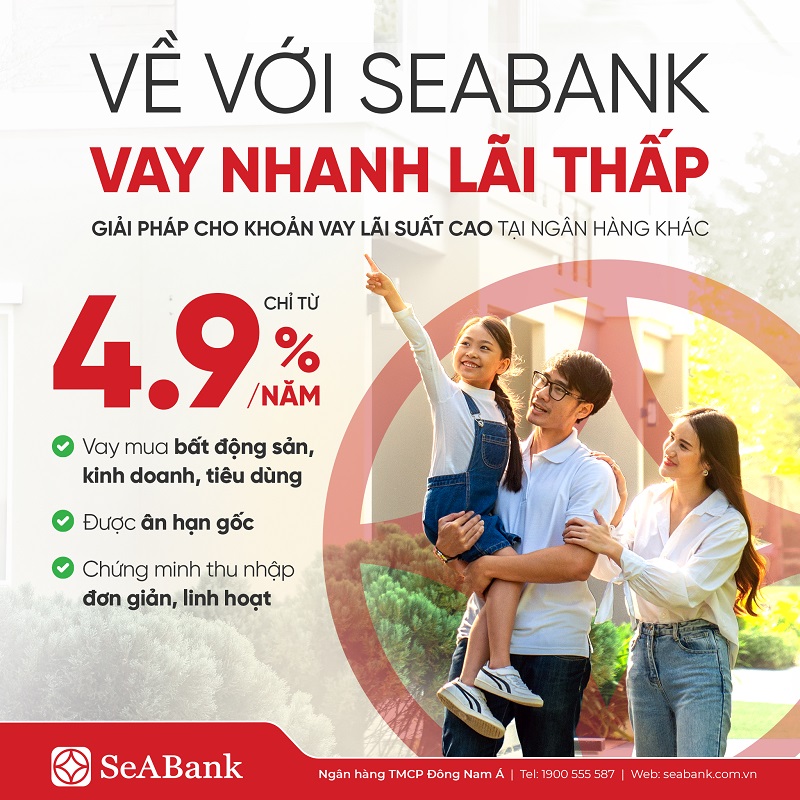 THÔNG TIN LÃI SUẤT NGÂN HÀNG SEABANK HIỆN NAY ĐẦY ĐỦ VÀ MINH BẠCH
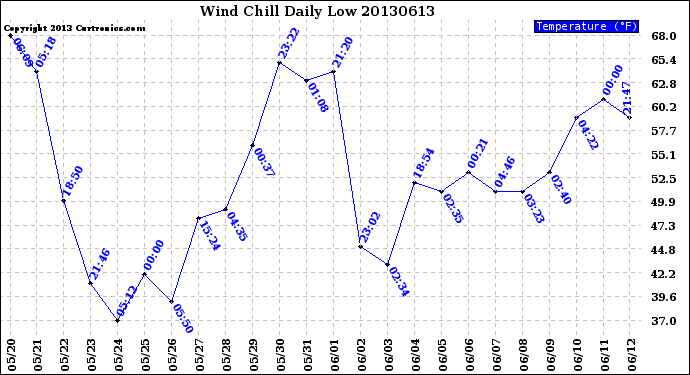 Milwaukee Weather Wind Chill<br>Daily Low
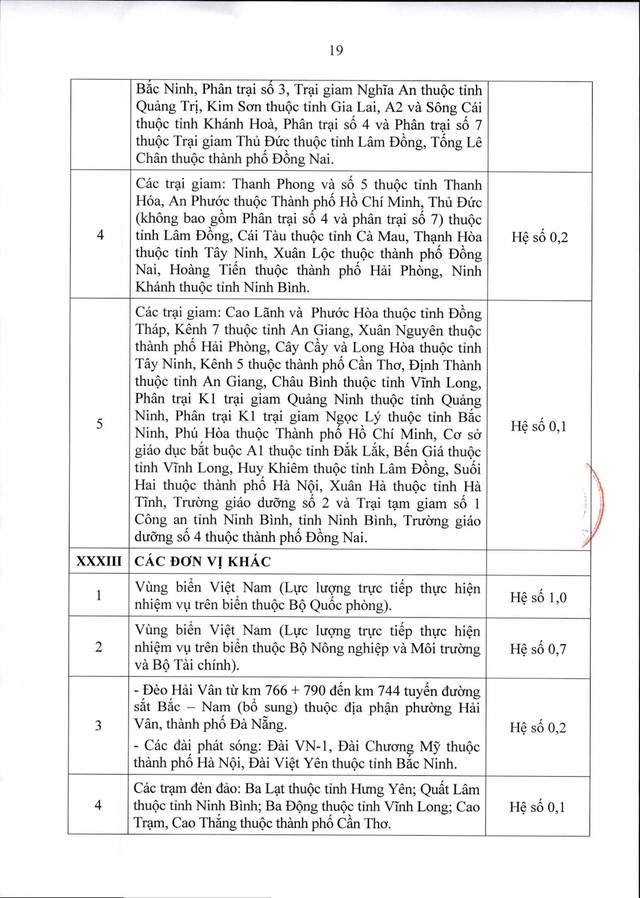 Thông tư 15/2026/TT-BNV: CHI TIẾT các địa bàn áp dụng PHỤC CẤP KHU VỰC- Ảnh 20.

● **How to complete this task**
Set down nothing but the lines from the one containing "Milwaukee Weather Wind Chill<br>Daily Low" to the final line above, both included, with every picture left out.

● **Written response**
 Milwaukee Weather Wind Chill<br>Daily Low
 Thông tư 15/2026/TT-BNV: CHI TIẾT các địa bàn áp dụng PHỤC CẤP KHU VỰC- Ảnh 20.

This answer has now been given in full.